▶ PROBLEM REQUIREMENTS: With the pictures left out, every record must be reproduced exactly.

_ _ _

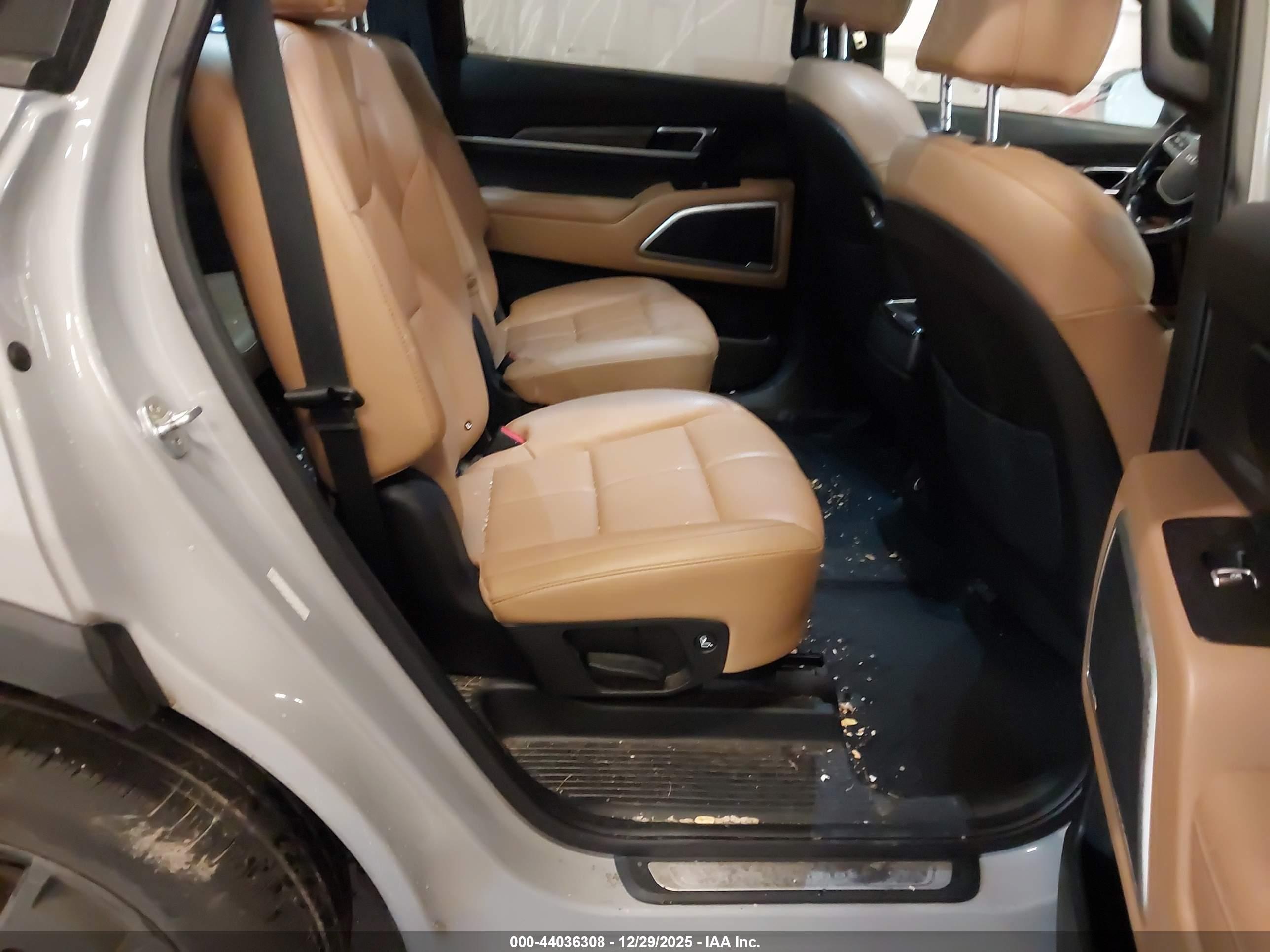 KIA TELLURIDE image 8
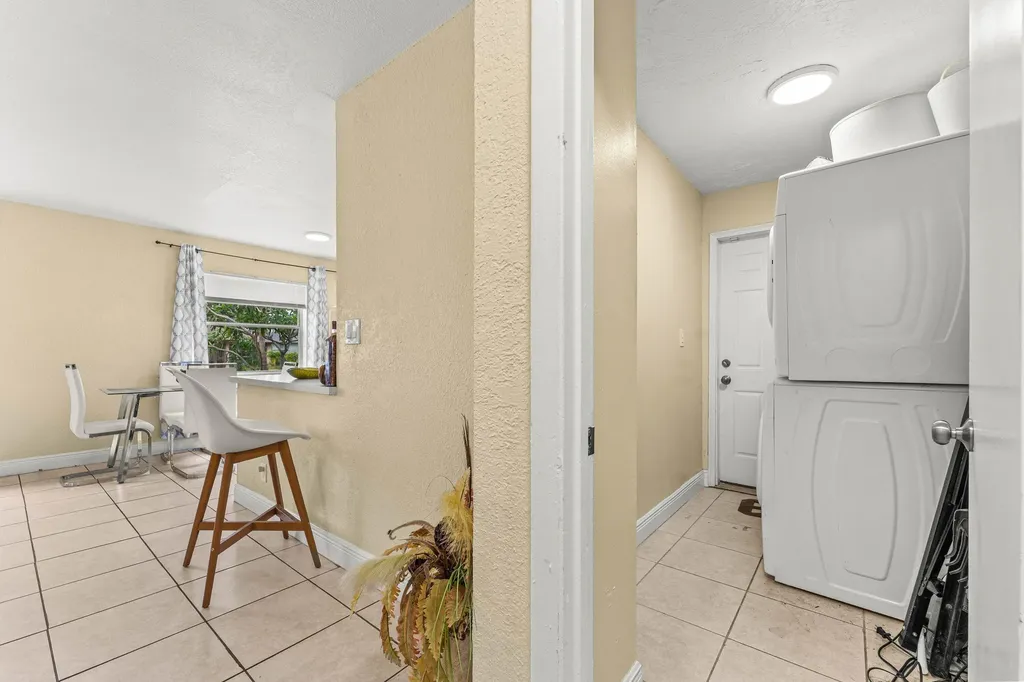 2640 NW 14th Court Fort Lauderdale FL 33311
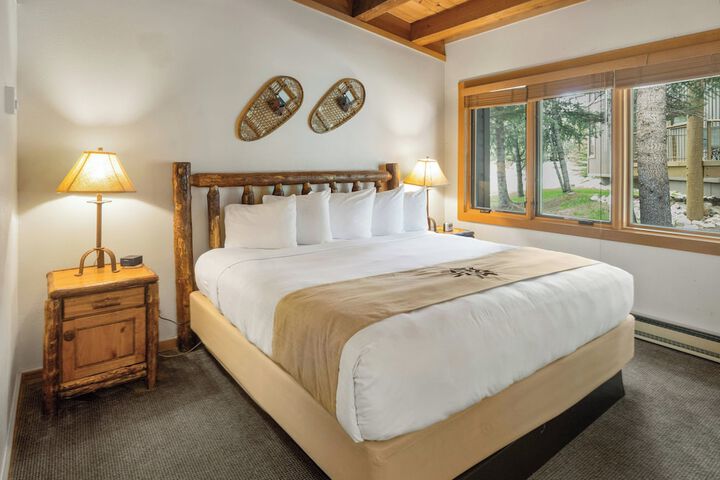 Evergreen Condominiums by Vail Resorts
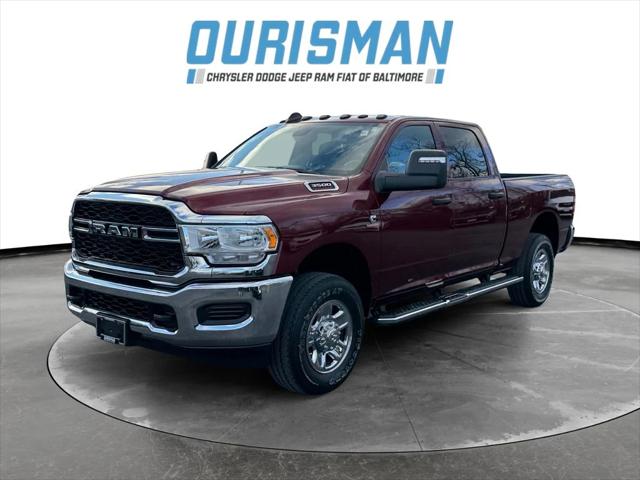 2023 RAM 3500 Tradesman Crew Cab 4x4 64 Box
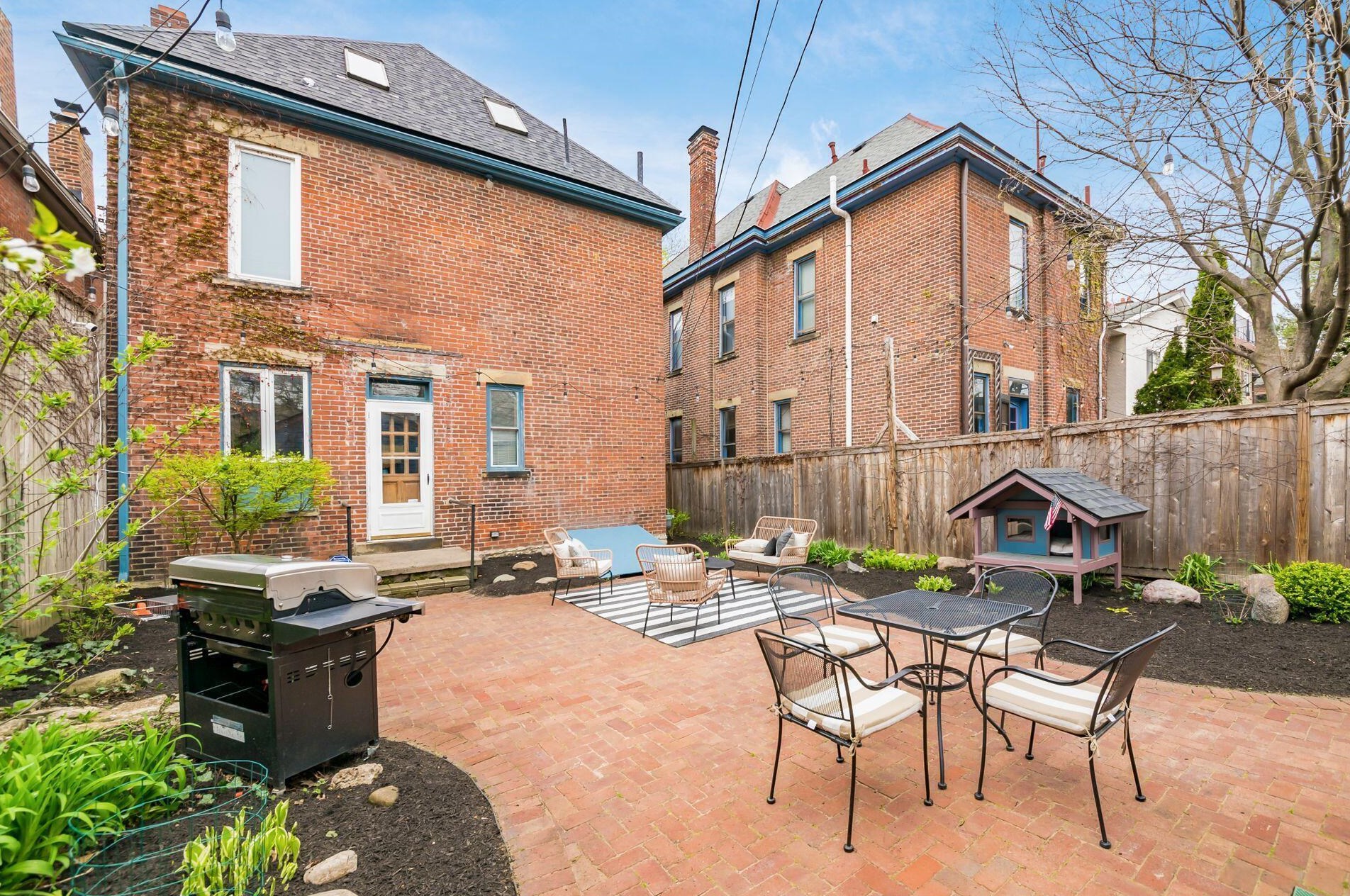 1294 Neil Ave, Columbus OH  43201-3122 exterior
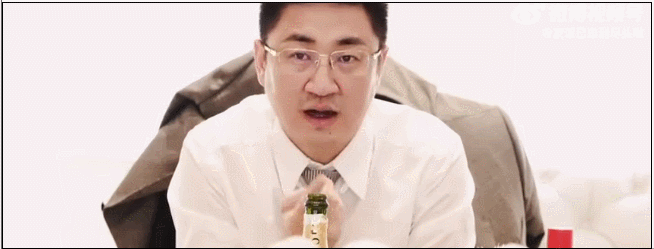 橘子晚报/大S婚纱照公开 ​​​​；范冰冰因新男友掉粉；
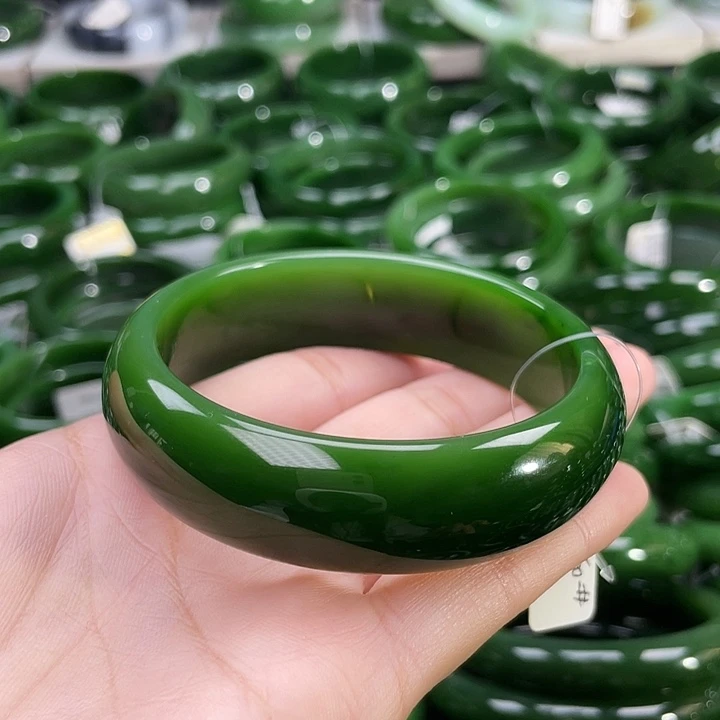 未镶嵌手镯和田玉（碧玉）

_ _ _

▶ RESPONSE AREA:
 KIA TELLURIDE image 8
 2640 NW 14th Court Fort Lauderdale FL 33311
 Evergreen Condominiums by Vail Resorts
 2023 RAM 3500 Tradesman Crew Cab 4x4 64 Box
 1294 Neil Ave, Columbus OH  43201-3122 exterior
 橘子晚报/大S婚纱照公开 ​​​​；范冰冰因新男友掉粉；
 未镶嵌手镯和田玉（碧玉）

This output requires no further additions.